I don't think the web is getting slower because we're using more map() instead of for...of loops. It's getting slower because what is being developed is getting more complex.

Feature bloat and excessive network load are the main reasons that the web feels slower imo.



I’m not sure this is a true disagreement is what I’m saying.

I can tell you that when I navigate around the web doing nothing more than having some web apps open, the UI for the whole OS will start stuttering and the fans will kick into action. `top` says this is all chrome.

I buy that the problem is “feature bloat,” but I also think a great deal of these features are possible with a heck of a lot less code and a heck of a lot less pointless GC etc.

.filter().map() may not itself be alarming for a few hundred elements…but it is for a few hundred elements multiplied by a few hundred features. If you still want those few hundred features, maybe it would be nice if some thought had gone into making them individually perform better.
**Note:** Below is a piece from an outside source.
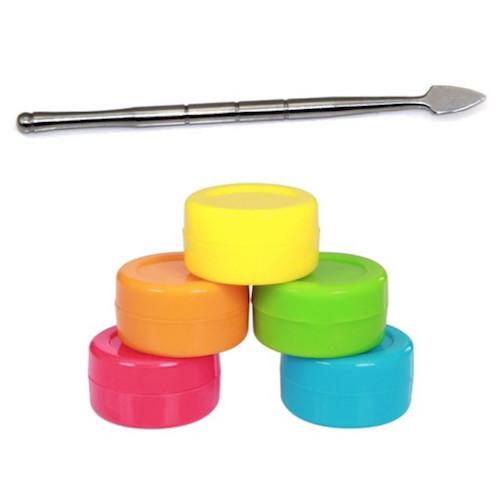 Five Silicone Dab Containers with Dab Tool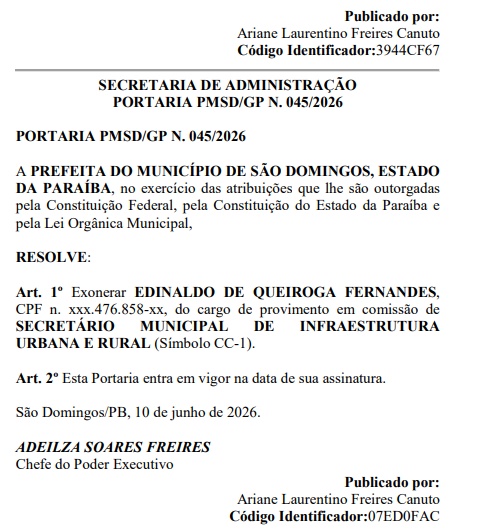 Prefeita Adeilza Soares promove mudanças no secretariado após rompimento político em São Domingos 2exo - Prefeita Adeilza Soares promove mudanças no secretariado após rompimento político em São Domingos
Tangent: I love the Unix philosophy! Do one thing well. Nothing more satisfying than being able to pipe inputs to outputs and put together little programs out of modular components. But when you want to build a program, you don’t do that, because you care about the “well” part of “do one thing well.”

Context does matter for a lot of this, and I think there’s probably a lot of grey area here. Doing something high level? Whatever, just get the job done, focus on readability, don’t worry about the weird performance edges of it. It’s just that those chunks have a tendency to become bigger chunks and get included where they were never intended, or where their underlying implementation is accidentally replicated multiple times for slightly different outputs (in the abstract, like doing .map().map().map()).

Anyway I can tell I’m losing the thread and ranting mindlessly now…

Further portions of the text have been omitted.